▸ Task item:
Take the line with "Velika promjena: Uvodi" as the first and the last line of the data as the end. Write out both and every line between exactly, except pictures.

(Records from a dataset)
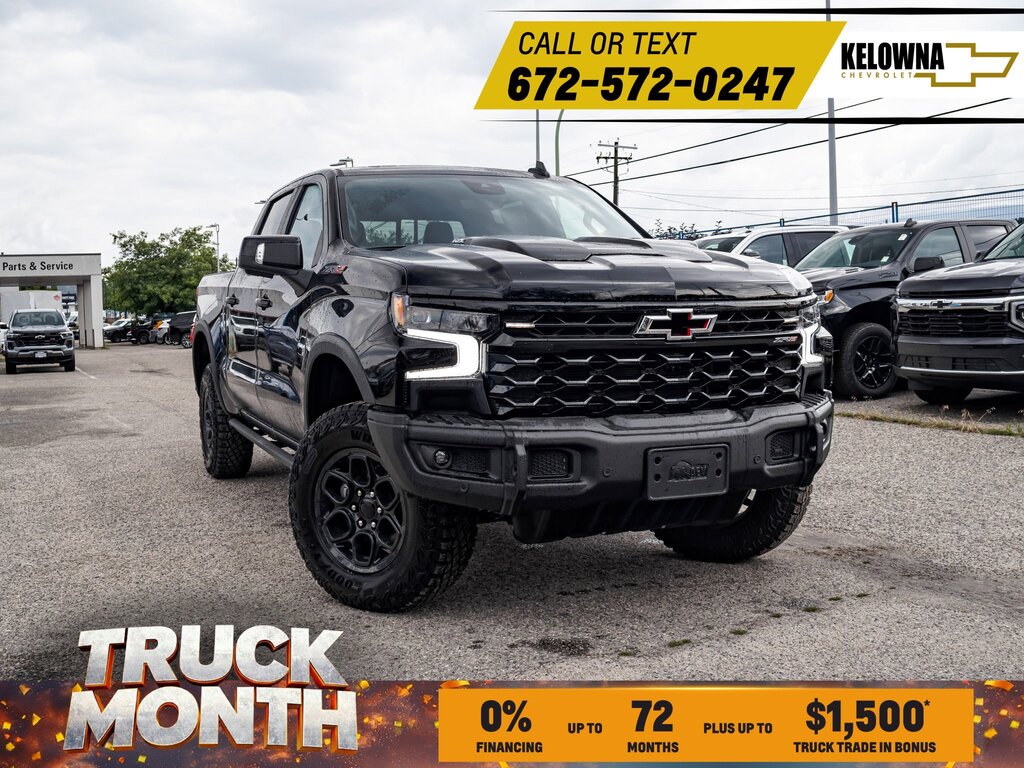 Voxcar CHEVROLET Silverado PICKUP TRUCK in , VICTORIA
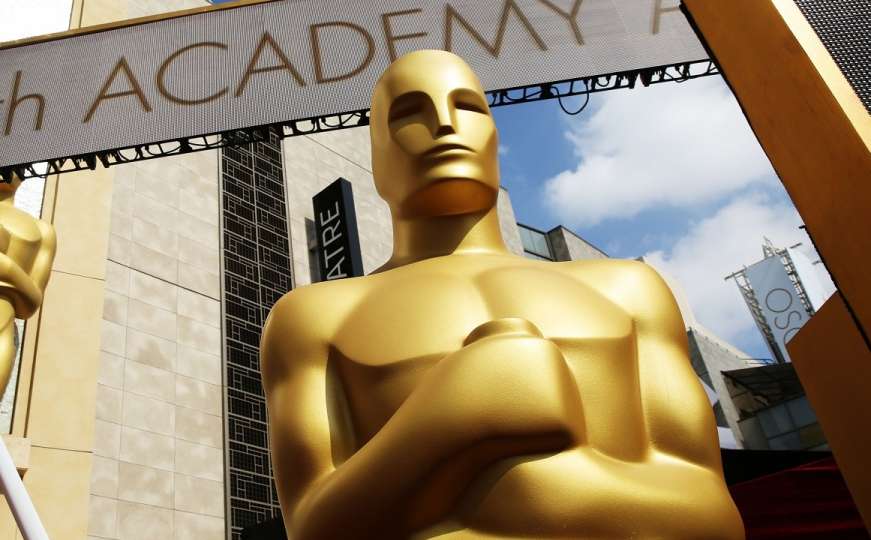 Velika promjena: Uvodi se nova kategorija za nagradu Oscar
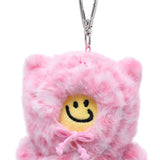 HOODED KIKY KEYCHAIN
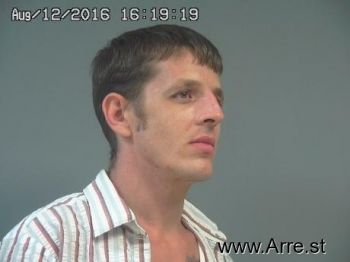 Michael Patrick Hopkins Mugshot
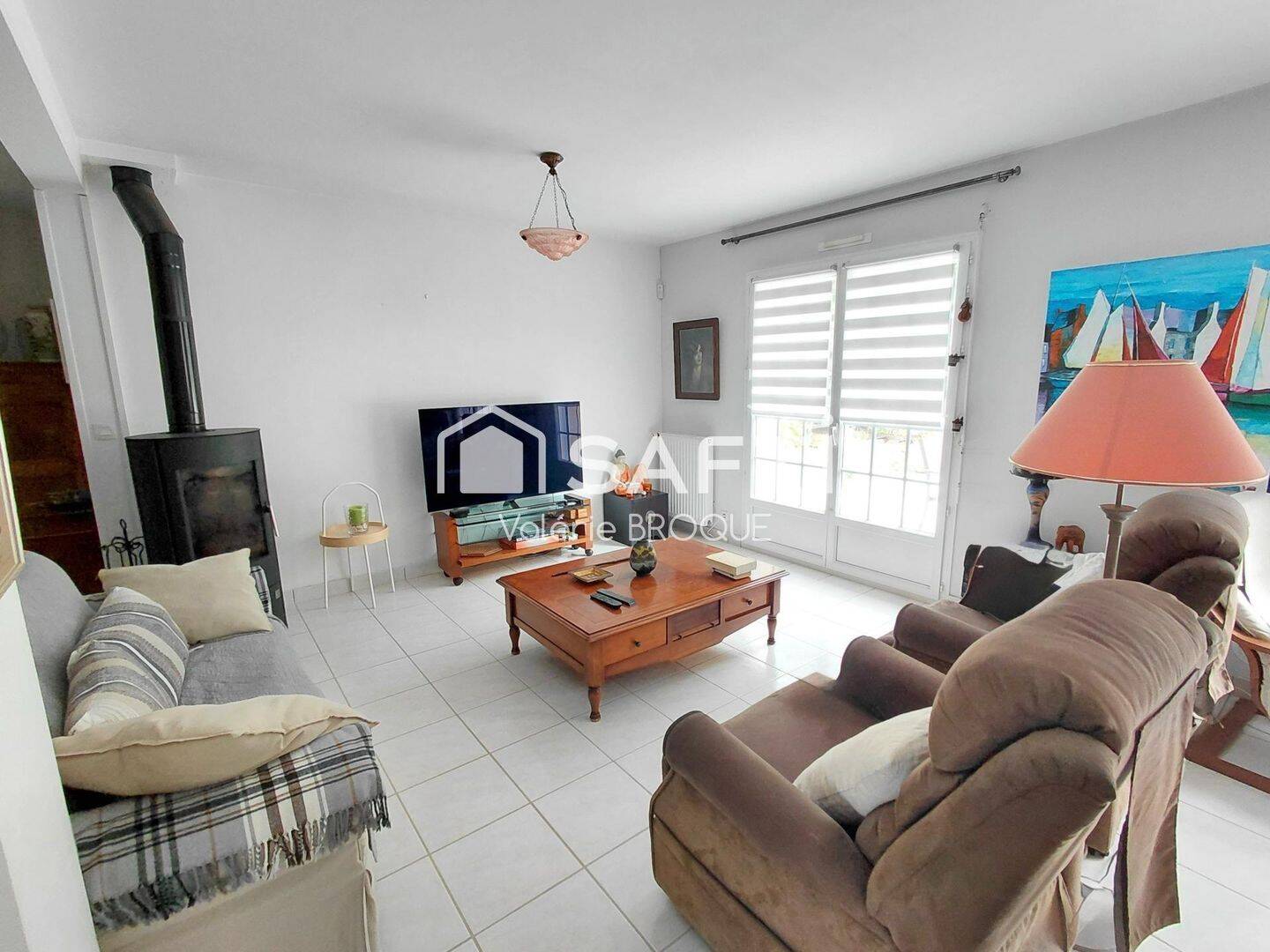 Maison 7 pièces 160 m² · à Port-Louis · 160 m² · 428 000 €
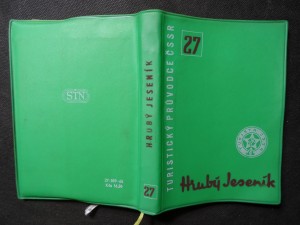 náhled knihy - Hrubý Jeseník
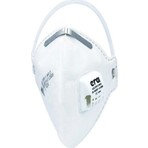 Era 4310 Ffp3 Ventilli Maske N95 Maske Koruması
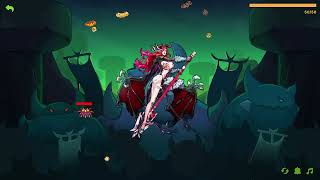 Floating Girl Gameplay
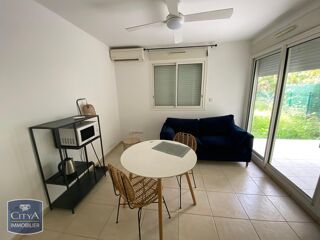 Appartement � louer 1 pi�ce 25 m�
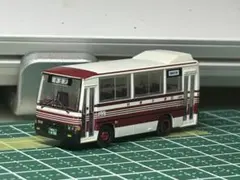 TOMYTEC バスコレクション バスコレ21弾 JR九州バス - メルカリ
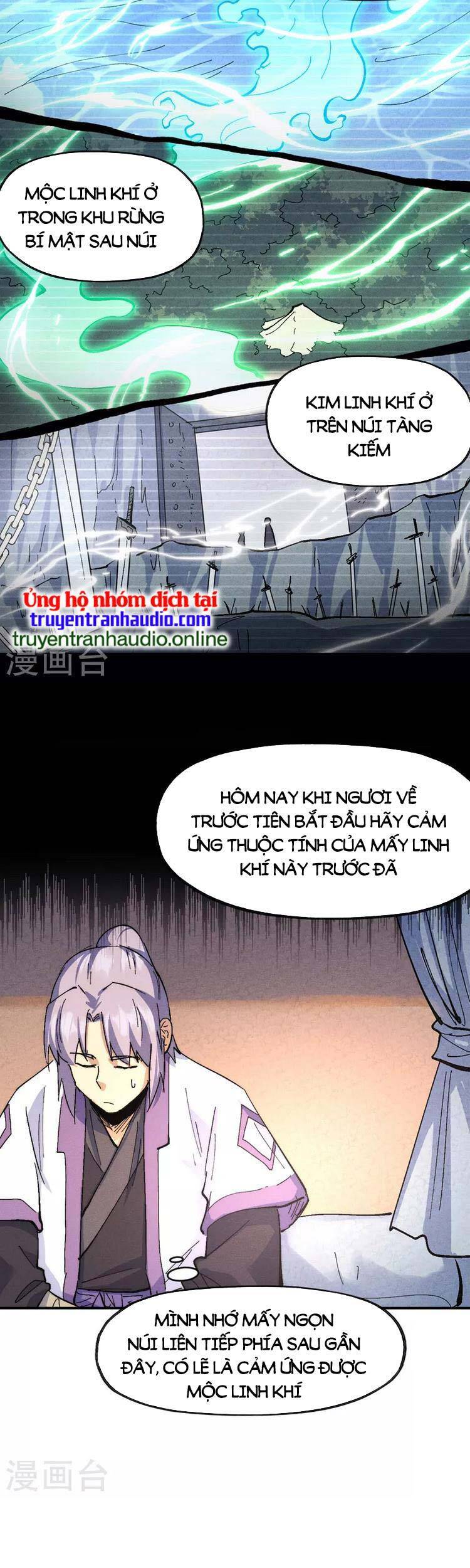 Nhân Vật Chính Mạnh Nhất Lịch Sử - Chương 122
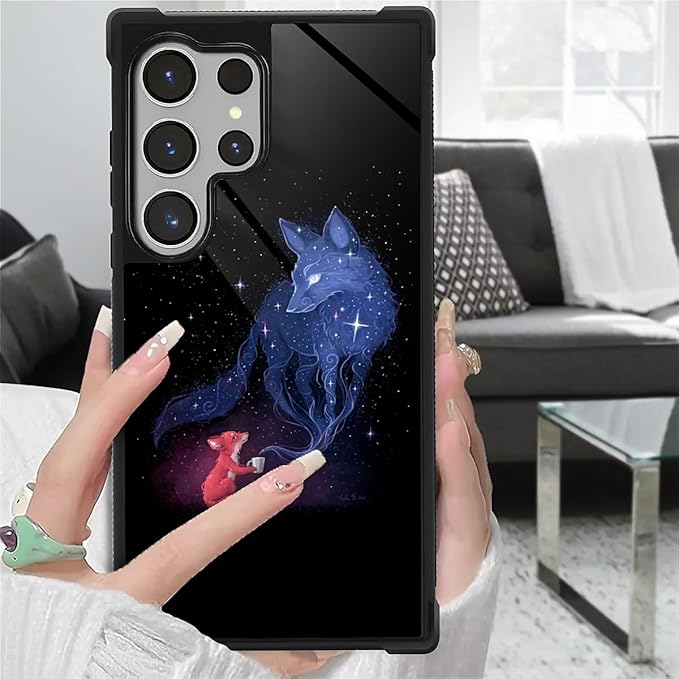 for Samsung Galaxy S26 Ultra Case, Graphic Design - Image 7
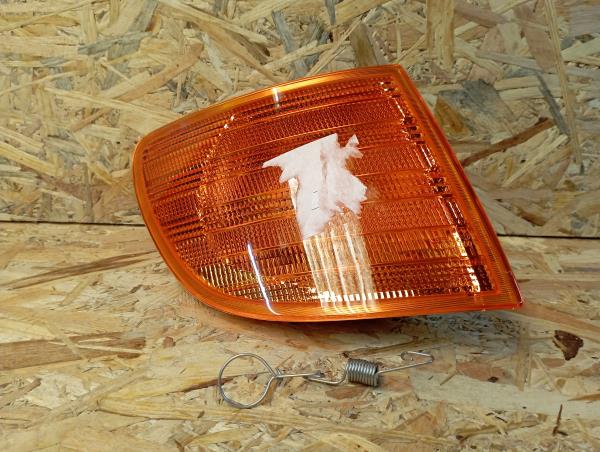 Right front Turn Signal MERCEDES-BENZ Vito (638)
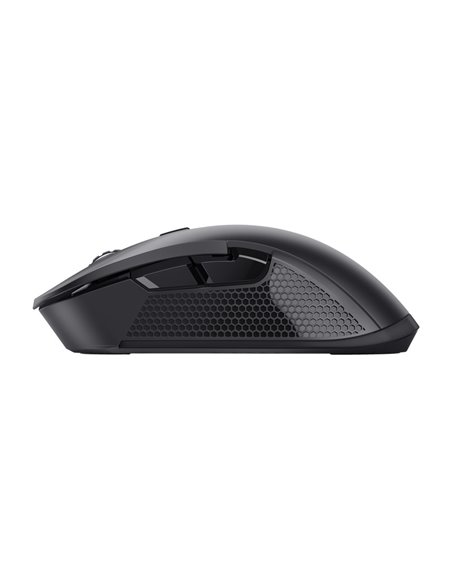 Mouse Gaming Trust GXT 923 Ybar, Wireless, Black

▸ Output of the exercise:
 Velika promjena: Uvodi se nova kategorija za nagradu Oscar
 HOODED KIKY KEYCHAIN
 Michael Patrick Hopkins Mugshot
 Maison 7 pièces 160 m² · à Port-Louis · 160 m² · 428 000 €
 náhled knihy - Hrubý Jeseník
 Era 4310 Ffp3 Ventilli Maske N95 Maske Koruması
 Floating Girl Gameplay
 Appartement � louer 1 pi�ce 25 m�
 TOMYTEC バスコレクション バスコレ21弾 JR九州バス - メルカリ
 Nhân Vật Chính Mạnh Nhất Lịch Sử - Chương 122
 for Samsung Galaxy S26 Ultra Case, Graphic Design - Image 7
 Right front Turn Signal MERCEDES-BENZ Vito (638)
 Mouse Gaming Trust GXT 923 Ybar, Wireless, Black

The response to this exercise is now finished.